Vallone Pumps Brakes on Belmont Backing Without ‘Essential’ Train Service

The Belmont Park Redevelopment Project will include a 19,000-seat arena for the New York Islanders and a 435,000 square foot mall. Rendering via Empire State Development

The Belmont Park Redevelopment Project will include a 19,000-seat arena for the New York Islanders and a 435,000 square foot mall. Rendering via Empire State Development

By David Brand

Count Councilmember Paul Vallone among Queens lawmakers pumping the brakes on their support for the Belmont Park Redevelopment Project without upgraded public transportation. Vallone has called on the state to run Long Island Rail Road service at Belmont Park Station before moving forward with the $1 billion project.

The plan to build a 19-000 seat arena for the New York Islanders and a massive mall complex on 43 acres of land next to Belmont Park Race Track “will have far-reaching impacts on communities in Queens and Nassau County,” Vallone said in a letter to Empire State Development, the quasi-governmental agency overseeing the project.

The surge in visitors to Belmont Park, located a few hundred yards from the Queens border in Elmont, N.Y., will cause congestion and necessitate full LIRR service at the site, he said. The Belmont Park Station is only open on race days during the horse-racing season.

“The implementation of full-time, east to west service with a Park and Ride option would provide the proper relief to the inevitable influx of traffic on the already overloaded Cross Island Parkway,” Vallone said. “Implementing full-time train service at the Belmont station would properly mitigate the influx of thousands more individuals who will seek to get to and from this hub on a daily basis. Ensuring the station is at full operation by the time this development project is completed is essential.”

Vallone represents Auburndale, Bay Terrace, Bayside, Beechhurst, College Point, Douglaston, Flushing, Little Neck, Malba, and Whitestone and said he is “personally thrilled” that the Islanders will return to their roots in Nassau County, but added that the developers, the New York Arena Partners (NYAP), must take into account the impact on congestion and quality of life in Eastern Queens.
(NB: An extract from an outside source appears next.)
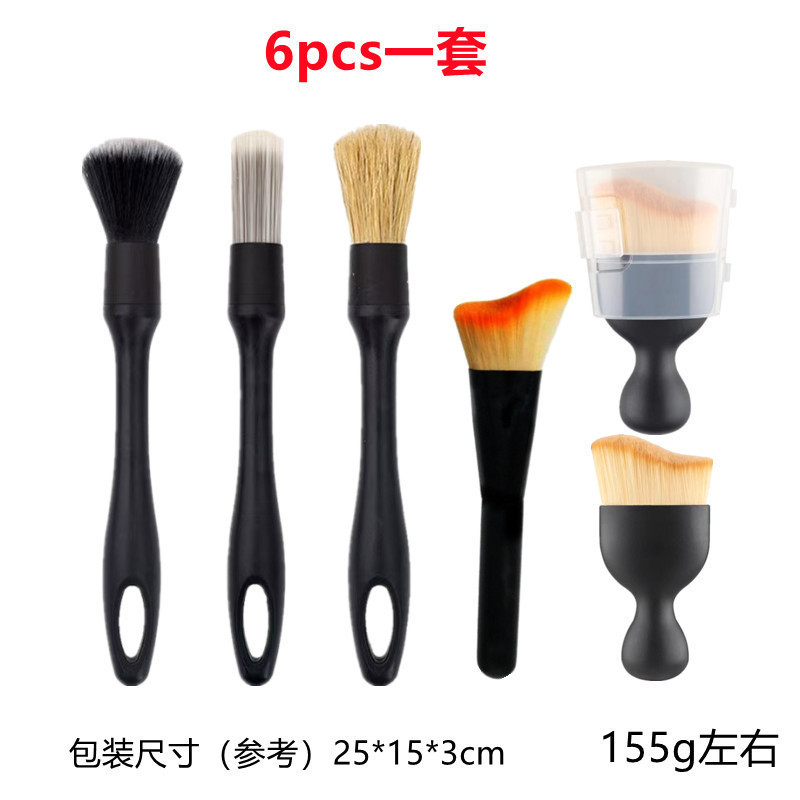 Cross-Border Soft Bristle Brush Set, Car Dust Removal Brush, Interior Cleaning Tool, Air Conditioning Vent Cleaning Brush, Car Wash Use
NYAP is a development groups that includes Sterling Equities, the Scott Malkin Group, Madison Square Garden and the Oak View Group.

“Daily attendance levels are projected to reach between 60,000 and 100,000 visitors during peak periods — a substantial jump from the average 3,000 visitors,” Vallone said. “Without the proper forethought, this project could negatively affect quality of life for the thousands of my constituents who depend on the active road and railways surrounding Belmont Park to commute every day.”

The Islanders played at Nassau Coliseum in Uniondale from 1972 to 2015, but moved to Brooklyn’s Barclays Center before the 2015-2016 season. Nassau County voters rejected a proposal to use public funding to build an arena to replace the aging Coliseum.

But Brooklyn has not embraced the team, prompting the Islanders to split this season between the Barclays Center — which was not designed for hockey — and the Nassau Coliseum — which is in disrepair.

The timeshare has taken a toll on the team: Despite leading the Metropolitan Division, the Islanders remain dead last in the league in attendance. They have been in the bottom three of attendance each year since moving to Brooklyn.

Vallone is not the only Queens lawmaker placing public transportation preconditions on the Belmont Park Redevelopment Project.

State Sen. Leroy Comrie of St. Albans has called on the NYAP to make more concessions to the community and in January issued “five essential points” that developers must meet to earn his full support. Comrie specifically wants NYAP to pay for upgrades to the Belmont Park Station, which could cost $300 million, Gothamist reported.

Comrie said the project must hire minority and women-owned businesses and local vendors, conduct a traffic study in each community with streets leading to the site and expand the Cross Island Expressway.

Last month, state Sen. Majority Leader Andrea Stewart-Cousins nominated state Comrie for a seat on the Public Authorities Control Board, which has the power to veto development projects. It is the same seat to which Stewart-Cousins first planned to nominate state Sen. Michael Gianaris, an Amazon opponent who would have had the power to veto the Amazon deal.

Comrie told that he is “not critical” of the plan, however.

I am hopeful there are some issues that can be resolved,” he said.

ESD spokesperson Jack Sterne told the Eagle that his agency will work with Vallone, Comrie and toher Queens leaders to address their concerns.

“The Belmont Project will generate millions in tax revenue for Nassau County and Elmont Schools every year, upgrade Elmont Road Park, create thousands of jobs, and bring The Islanders back to Long Island,” Sterne said. “In February, we reiterated the same timeline we’ve had since the beginning of this project, and we still anticipate final public approval in the second quarter of 2019. We have heard community concerns about transit and traffic loud and clear – and we continue to explore the possibility of a full-time train station at Belmont, in addition to traffic mitigation efforts. We look forward to continuing to work with Senator Comrie, Councilmember Vallone, their colleagues, community leaders, transportation agencies and local businesses to make this transformative project a success.”